Suicide Squad (2016)

Suicide Squad is the movie adaptation of a DC Comic Book of the same name. The basis of the film is similar to the basis of a late-1960s film The Dirty Dozen, but with a comic-book basis.

It is a time after the events of Batman Vs Superman. There is a growing fear that someone as strong as Superman (aka a ‘metahuman’)  could seize control of the United States without anyone to stop them. Amanda Waller (Viola Davis) steps up, and recommends to the government that she be allowed to create a special group, called Task Force X, to combat that threat. She suggests that it consist of captured super-villains in federal custody, as they could have plausible deniability if they fail in their efforts.

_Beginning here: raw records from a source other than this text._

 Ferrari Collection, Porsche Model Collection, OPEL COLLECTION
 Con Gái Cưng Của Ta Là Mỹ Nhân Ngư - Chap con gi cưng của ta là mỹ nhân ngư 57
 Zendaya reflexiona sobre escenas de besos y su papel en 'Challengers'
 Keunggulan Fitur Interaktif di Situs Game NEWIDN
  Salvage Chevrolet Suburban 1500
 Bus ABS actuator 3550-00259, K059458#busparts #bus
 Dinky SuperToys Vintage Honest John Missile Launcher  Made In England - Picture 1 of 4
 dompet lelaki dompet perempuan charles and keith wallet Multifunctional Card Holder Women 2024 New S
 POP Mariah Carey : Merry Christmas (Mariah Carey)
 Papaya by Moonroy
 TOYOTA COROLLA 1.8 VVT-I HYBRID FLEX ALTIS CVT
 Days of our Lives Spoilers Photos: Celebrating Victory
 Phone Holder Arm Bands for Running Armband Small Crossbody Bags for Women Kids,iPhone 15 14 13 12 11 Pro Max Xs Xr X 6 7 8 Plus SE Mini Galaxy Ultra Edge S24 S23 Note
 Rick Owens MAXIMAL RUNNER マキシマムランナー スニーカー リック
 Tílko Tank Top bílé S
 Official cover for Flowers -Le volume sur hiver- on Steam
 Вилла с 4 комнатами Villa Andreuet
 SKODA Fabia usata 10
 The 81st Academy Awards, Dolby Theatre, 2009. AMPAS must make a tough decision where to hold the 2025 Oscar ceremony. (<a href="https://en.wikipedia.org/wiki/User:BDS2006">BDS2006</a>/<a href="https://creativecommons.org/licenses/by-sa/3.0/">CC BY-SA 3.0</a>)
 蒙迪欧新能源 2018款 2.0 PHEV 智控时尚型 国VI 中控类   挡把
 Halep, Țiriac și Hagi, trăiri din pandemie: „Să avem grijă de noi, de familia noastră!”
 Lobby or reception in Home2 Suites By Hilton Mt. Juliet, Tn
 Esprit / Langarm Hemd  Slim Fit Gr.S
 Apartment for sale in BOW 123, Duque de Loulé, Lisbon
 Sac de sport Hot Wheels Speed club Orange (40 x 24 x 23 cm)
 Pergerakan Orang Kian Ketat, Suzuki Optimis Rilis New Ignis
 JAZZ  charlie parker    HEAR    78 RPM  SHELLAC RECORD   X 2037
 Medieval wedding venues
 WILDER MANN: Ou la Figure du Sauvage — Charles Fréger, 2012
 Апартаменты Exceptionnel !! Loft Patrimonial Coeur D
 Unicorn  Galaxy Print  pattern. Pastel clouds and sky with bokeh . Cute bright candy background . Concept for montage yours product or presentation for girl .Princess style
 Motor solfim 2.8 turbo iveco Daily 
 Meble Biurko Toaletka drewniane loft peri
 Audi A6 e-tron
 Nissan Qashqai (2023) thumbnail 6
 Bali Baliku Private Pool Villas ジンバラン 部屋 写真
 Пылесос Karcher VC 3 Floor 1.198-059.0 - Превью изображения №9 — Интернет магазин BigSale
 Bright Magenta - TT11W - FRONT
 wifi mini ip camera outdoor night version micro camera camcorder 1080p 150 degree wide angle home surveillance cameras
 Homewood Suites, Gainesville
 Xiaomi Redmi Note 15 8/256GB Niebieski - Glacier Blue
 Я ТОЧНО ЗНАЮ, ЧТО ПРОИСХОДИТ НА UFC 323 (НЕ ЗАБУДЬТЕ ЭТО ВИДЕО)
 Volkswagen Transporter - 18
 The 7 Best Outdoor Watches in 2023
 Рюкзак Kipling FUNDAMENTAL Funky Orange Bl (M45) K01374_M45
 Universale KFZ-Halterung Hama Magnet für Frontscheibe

She starts describing the candidates. They include Deadshot (Will Smith), an uncannily accurate sniper/assassin, Harley Quinn (Margot Robbie), The Joker’s (Jared Leto’s) girlfriend, and blatant psychopath, and Enchantress (Cara Delevingne), a supernatural spirit who possesses the body of the archaeologist that unearthed her. It’s a way to summarize their backstories without spending too much time on them. Others are discussed, as well.

Of course, there’s a crisis, and the team is compelled to stop it. Things go pear-shaped, and they are still required to continue. Over time, the true nature of the situation emerges, and it’s up to them to prevent it from becoming far worse.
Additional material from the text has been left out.